--- ENTRIES SHOWN Enclosed Below ---

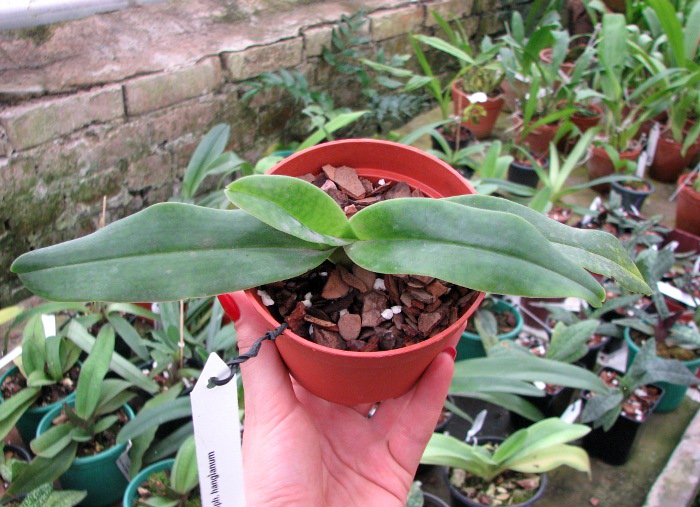 Paphiopedilum hangianum.JPG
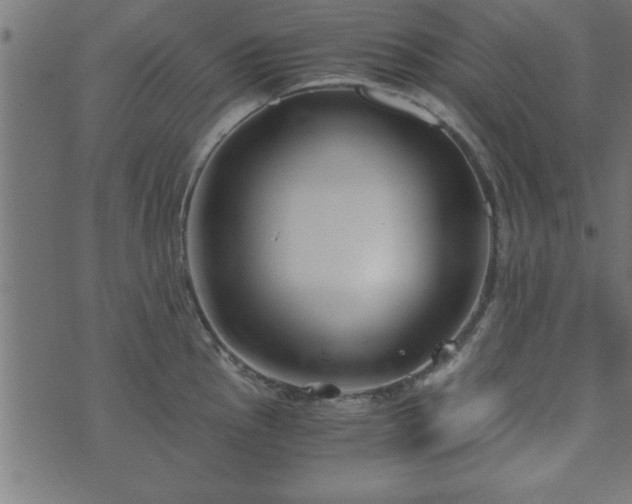 X0000073901145200608180952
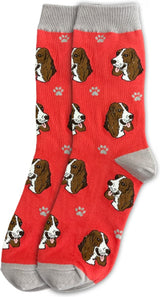 BASSET HOUND Dog Adult Unisex Socks By E&S Pets Choose Style
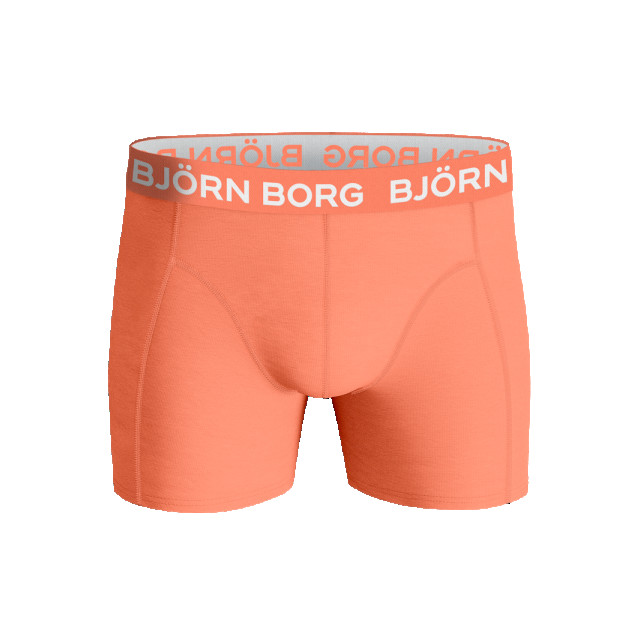 Björn Borg Heren boxershort 5p cotton stretch 10002346-MP006 large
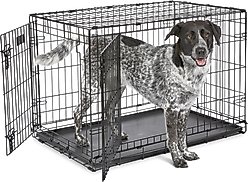 MidWest iCrate Fold & Carry Double Door Collapsible Wire Dog Crate, 36 inch + KONG Classic Dog Toy, Large slide 2 of 9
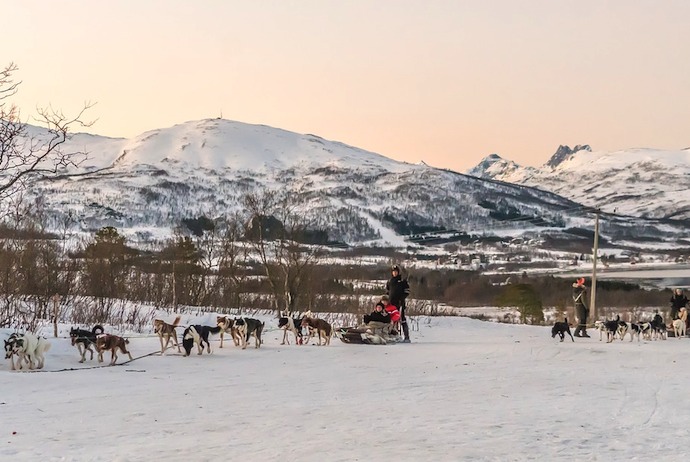 Dog-sledging, Norway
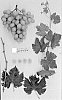 Vitis%20vinifera%20%27Sugra62%27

--- End of Enclosed ENTRIES SHOWN ---

**WORK TO BE COMPLETED**
The listing must be repeated word for word, and none of its pictures may appear in the copy.

**EXPECTED ANSWER**
 Paphiopedilum hangianum.JPG
 X0000073901145200608180952
 BASSET HOUND Dog Adult Unisex Socks By E&S Pets Choose Style
 Björn Borg Heren boxershort 5p cotton stretch 10002346-MP006 large
 MidWest iCrate Fold & Carry Double Door Collapsible Wire Dog Crate, 36 inch + KONG Classic Dog Toy, Large slide 2 of 9
 Dog-sledging, Norway
 Vitis%20vinifera%20%27Sugra62%27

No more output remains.